An offshoot of the frequency variation approach is shown in U.S. Pat. No. 4,149,111, to Coates, Jr. in which the system clock is interrupted in order to decrease the brightness of the display. Unfortunately, this approach completely disrupts the data rate of the system, and is not compatible with a constant data rate brightness control.
The most successful approach to brightness control in the past involved the simple concept of turning on and off elements of the display to control the net brightness of the display over a period of time. An early implementation of this type is disclosed in U.S. Pat. No. 3,570,156 to Easton, in which he writes and erases the display panel over and over. This, of course, presents the obvious disadvantage of not utilizing the inherent memory capabilities of the AC plasma display panel, and requires a large external hardware system. A later approach is shown in U.S. Pat. No. 3,863,023 to Schmersal et al., in which the cells desired to be brightest are turned on first, then the more dim cells are turned on, and finally the dimmest cells are turned on, and then the entire picture is erased simultaneously so that the cells desired to be brightest are turned on for the longest period of time. This, like the Easton device, does not have a true inherent memory display, and would require a large external hardware memory as well as extensive circuitry to control the duration and ordering of cell firings.

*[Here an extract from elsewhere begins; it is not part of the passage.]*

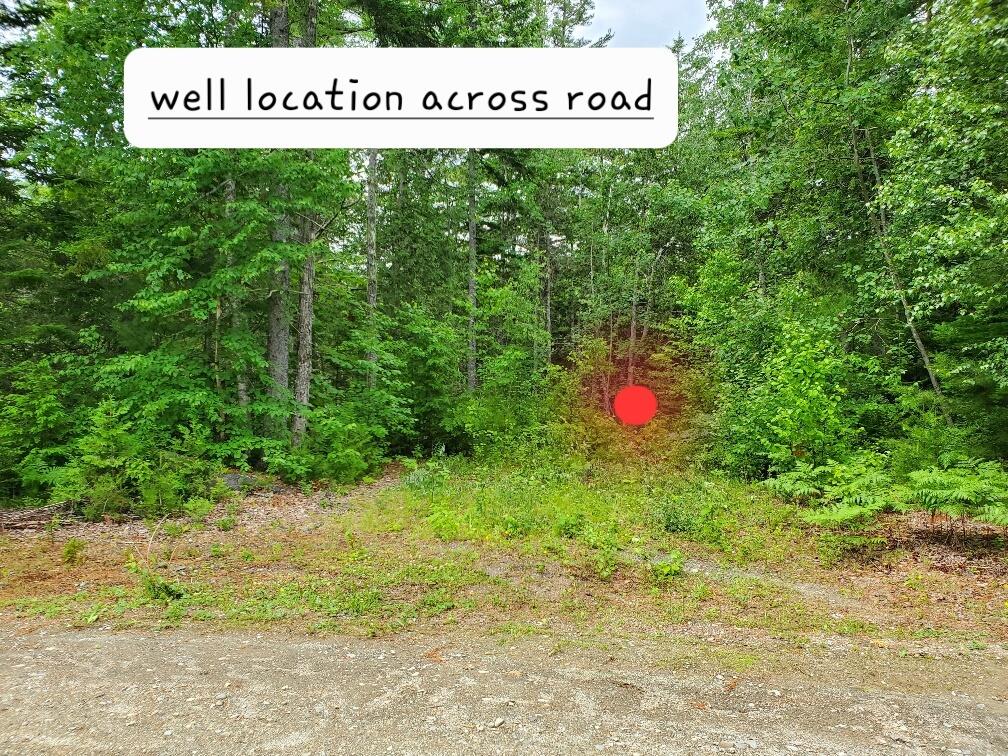 315 Hopkins Pond Road Clifton ME 04428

A more recent device using the pulse timing concept is disclosed in U.S. Pat. No. 4,006,208 to Fowler et al., in which pulses of different lengths are used in a binary coding scheme to vary the intensity of light emitted from the panel. This device requires extremely complex circuitry, and is not capable of having the display updated as rapidly as would be desired, due to the fact that the use or 64 time slots is required to produce one picture element on the panel.